Sejumlah kebijakan dilahirkan untuk membenahi karut marutnya Jakarta. Dan menimbulkan decak kagum sekaligus iri. Terobosan-terobosan revolusioner nan fundamental untuk pembenahan Jakarta bikin geleng-geleng kepala. Mari berhitung.
Setidaknya sentuhan ‘tangan ajaibnya’ mampu mengubah wajah Jakarta menjadi benar-benar unyu dan semakin memesona. Seperti sistem parkir meter yang menggunakan Terminal Parkir Elektronik (TPE) yang dimulai pada akhir 2014. Di awal penggunaannya, banyak warga DKI masih bingung. Seiring berjalan waktu, warga mulai terbiasa. Bahkan kebijakan ini mampu mengatasi parkir liar di jalan.
Bukan hanya itu, parkir meter kini menjadi salah satu program unggulan yang dikembangkan pemprov DKI Jakarta. Jika dikelola secara apik, menurut Ahok pendapatan dari parkir bisa mencapai Rp 100 juta per hari.
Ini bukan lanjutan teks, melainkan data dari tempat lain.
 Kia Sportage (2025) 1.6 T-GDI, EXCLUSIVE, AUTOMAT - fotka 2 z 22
Geramnya Ahok akan tindak tanduk PKL di Taman Monumen Nasional atau Monas yang kumuh akan sampah dan semrawut, pihaknya melakukan steriliisasi. Kebijakan itu tak mulus diterima pedagang. Mereka menentang dan melawan atas keputusan itu. Namun begitu, Ahok jalan terus. Dia tak gentar menerima perlawanan dari PKL. Hasilnya, kini mereka yang berdagang di Monas telah dibina Ahok melalui lenggang Jakarta. Monas pun tampil cantik dan ramah pengunjung karena bersih.
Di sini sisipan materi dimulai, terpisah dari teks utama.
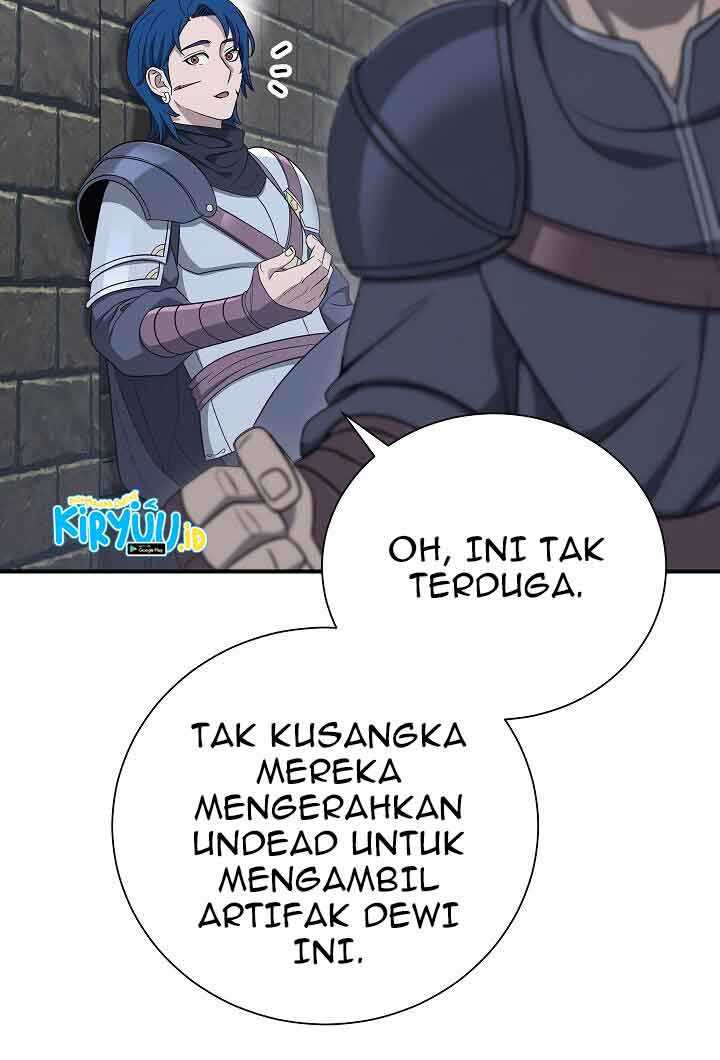Skeleton Soldier Couldn’t Protect the Dungeon Chapter 149 - halaman 39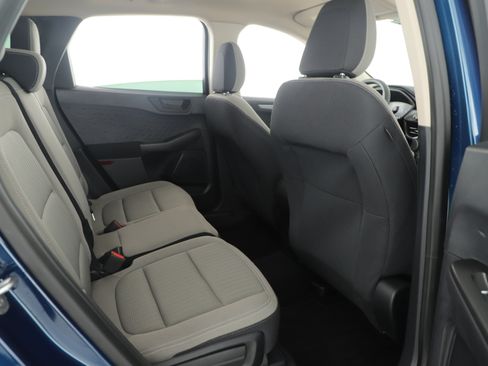 Certified 2020 Ford Escape S image 23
Banyak pihak tak menduga akan keberanian Ahok untuk memindahkan warga Kampung Pulo di bantaran sungai Ciliwung. Bahkan aksi relokasi itu, sempat diwarnai bentrokan antara warga dengan aparat. Tak ketinggalan relokasi Kalijodo yang diwarnai perlawanan dari semua kalangan. Bertahun-tahun menjadi sarang kemaksiatan diubah menjadi taman dan ruang terbuka hijau. Relokasi Kalijido akan terekam dalam sejarah pembangunan Jakarta dengan heroik karena semua tokoh dan aktivis yang terlibat pro kontra.
Ruang Publik Terpadu Ramah Anak (RPTRA) dibangun Ahok di kecamatan Tambora, Jakarta Barat, pada Oktober 2015. Menurut mantan bupati Belitung Timur ini, tujuan utama pembangunan ruang publik merupakan langkah Jakarta untuk mewujudkan provinsi yang ramah anak. Dan sekarang benar-benar bisa dinikmati. Dan terus dibangun di seantero Jakarta. Tahun ini kalau tidak salah sudah ada 188 RPTRA dan terus berlanjut.
Dengan dua aplikasi inti yaitu Qlue dan CROP membuat Jakarta terintergrasi dalam digital. Qlue adalah aplikasi yang diperuntukkan bagi warga, sedangkan CROP merupakan aplikasi yang diperuntukkan aparat pemerintahannya. Sebuah terobosan modern.